* _EXERCISE REQUIREMENTS_:
All the entries need to be duplicated exactly, with the pictures omitted.

* _DATASET RECORDS_:

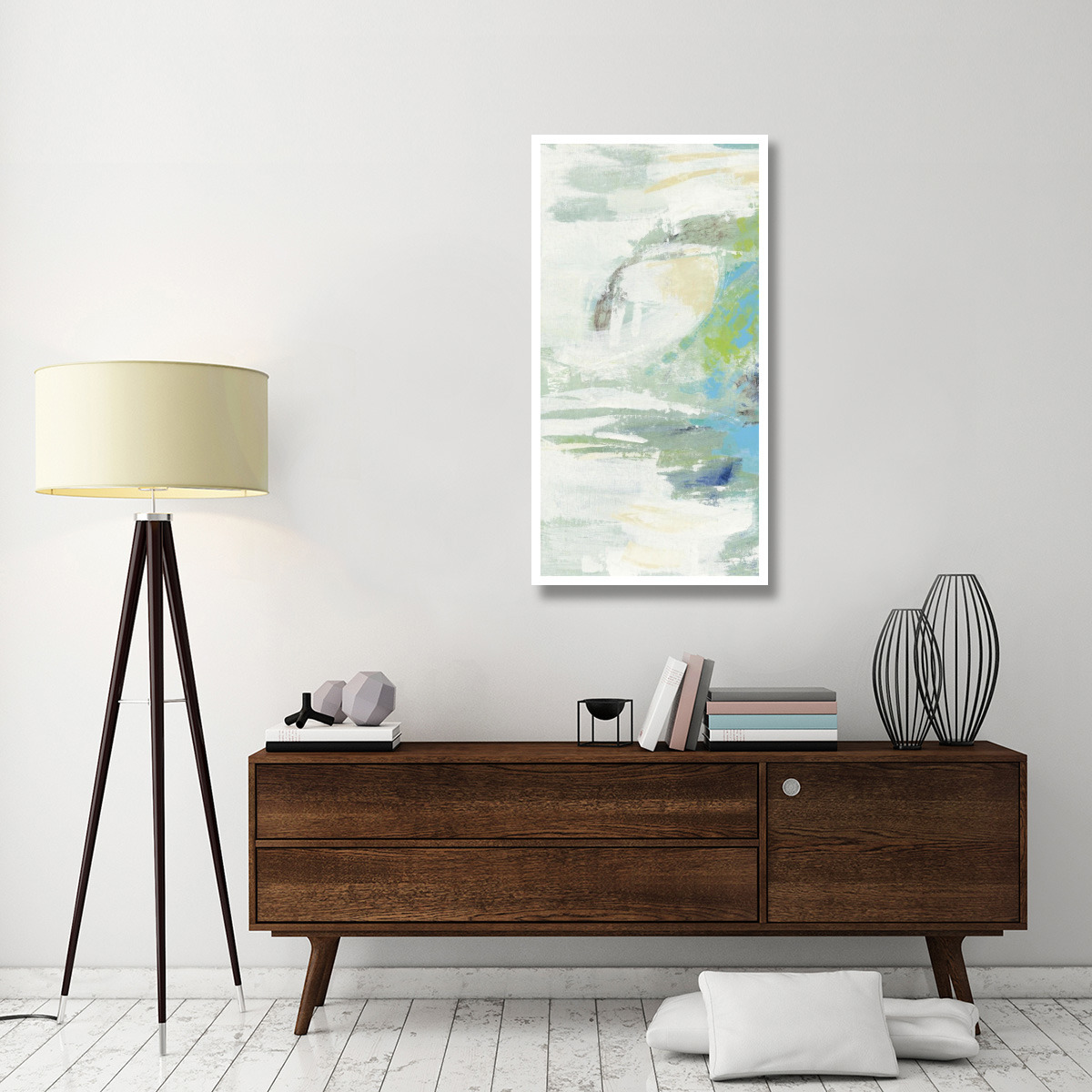 River Whirlpool II -Paper Art-26&quotx50"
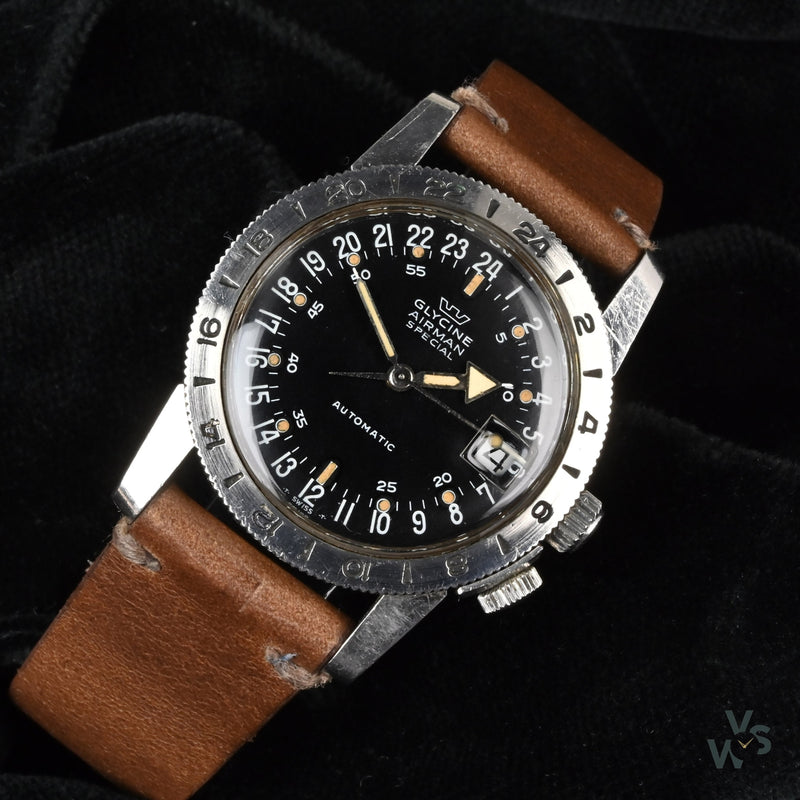 Glycine Airman Special Automatic - Model Ref: 323.1119 - PAT. 314050 - c.1960s - Vintage Watch Specialist
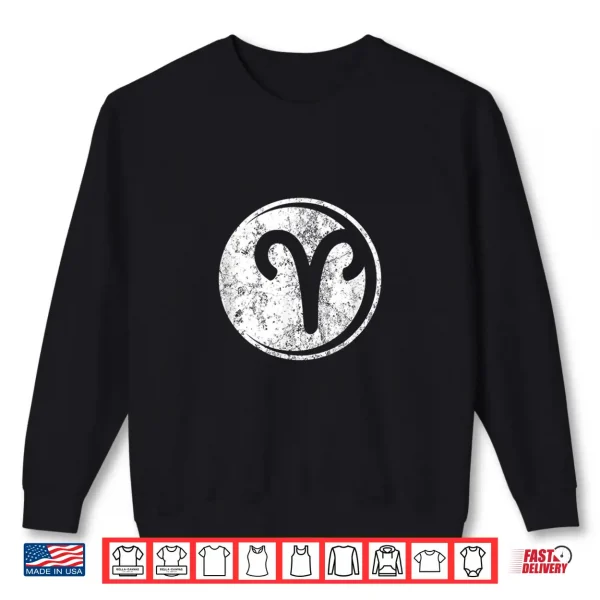 Aries Zodiac Sign March April Birthday Astrology Shirt 2 Sweatshirt Aries Zodiac Sign March April Birthday Astrology Shirt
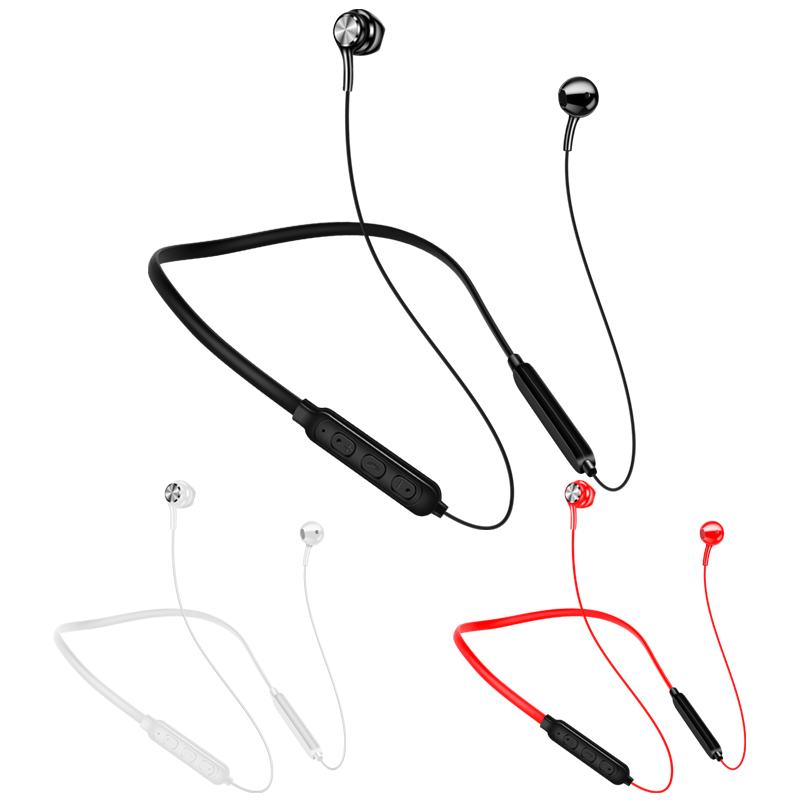

New Wireless Bluetooth Magnetic Stereo Sports Headset IPX7 Waterproof Wireless Headphone with Mic for Smartphones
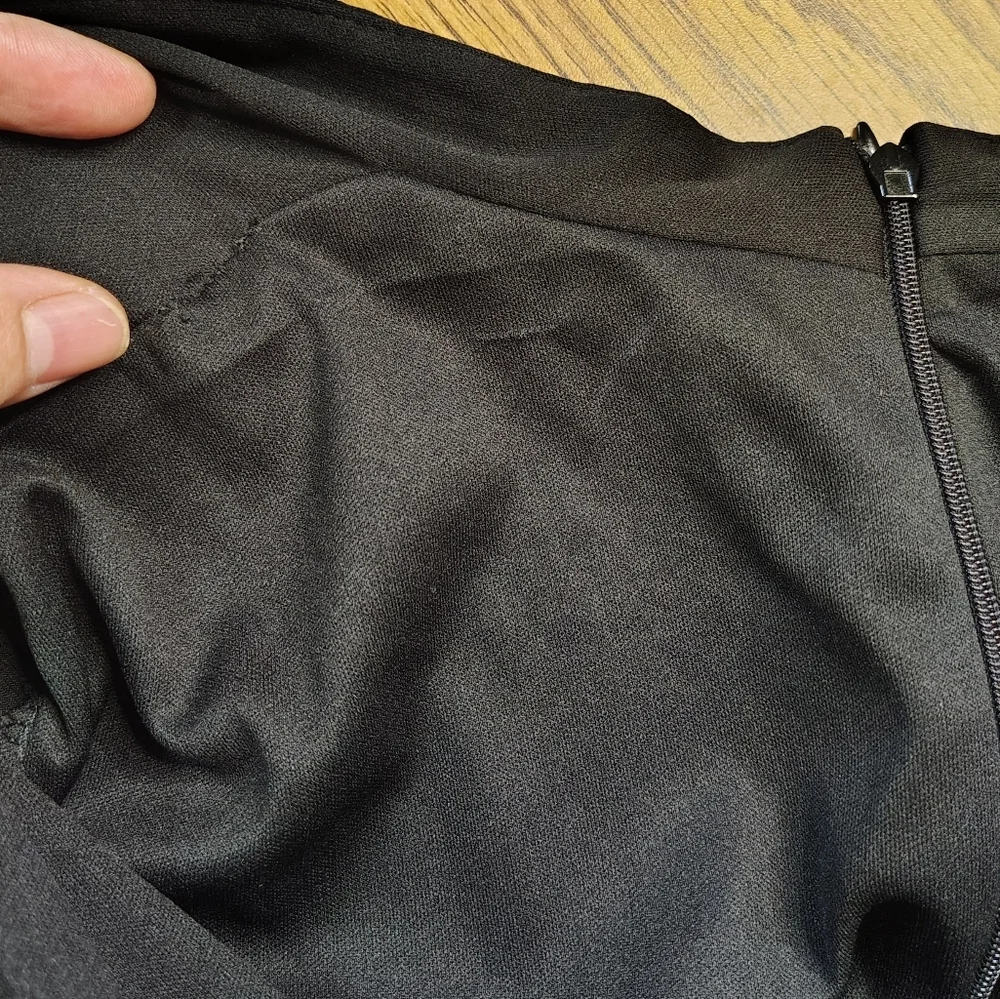 R&K maxi dress floral chiffon a-line size 6, black elegant, stretch. - Picture 16 of 16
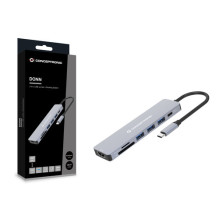 CONCEPTRONIC 7-1 Dock USB-C- HDMI / 3xUSB-A / SD / TF / + 25cm gr CONCEPTRONIC 7-1 Dock USB-C- HDMI / 3xUSB-A / SD / TF / + 25cm gr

* _YOUR SOLUTION_:
 River Whirlpool II -Paper Art-26&quotx50"
 Glycine Airman Special Automatic - Model Ref: 323.1119 - PAT. 314050 - c.1960s - Vintage Watch Specialist
 Aries Zodiac Sign March April Birthday Astrology Shirt 2 Sweatshirt Aries Zodiac Sign March April Birthday Astrology Shirt

New Wireless Bluetooth Magnetic Stereo Sports Headset IPX7 Waterproof Wireless Headphone with Mic for Smartphones
 R&K maxi dress floral chiffon a-line size 6, black elegant, stretch. - Picture 16 of 16
 CONCEPTRONIC 7-1 Dock USB-C- HDMI / 3xUSB-A / SD / TF / + 25cm gr CONCEPTRONIC 7-1 Dock USB-C- HDMI / 3xUSB-A / SD / TF / + 25cm gr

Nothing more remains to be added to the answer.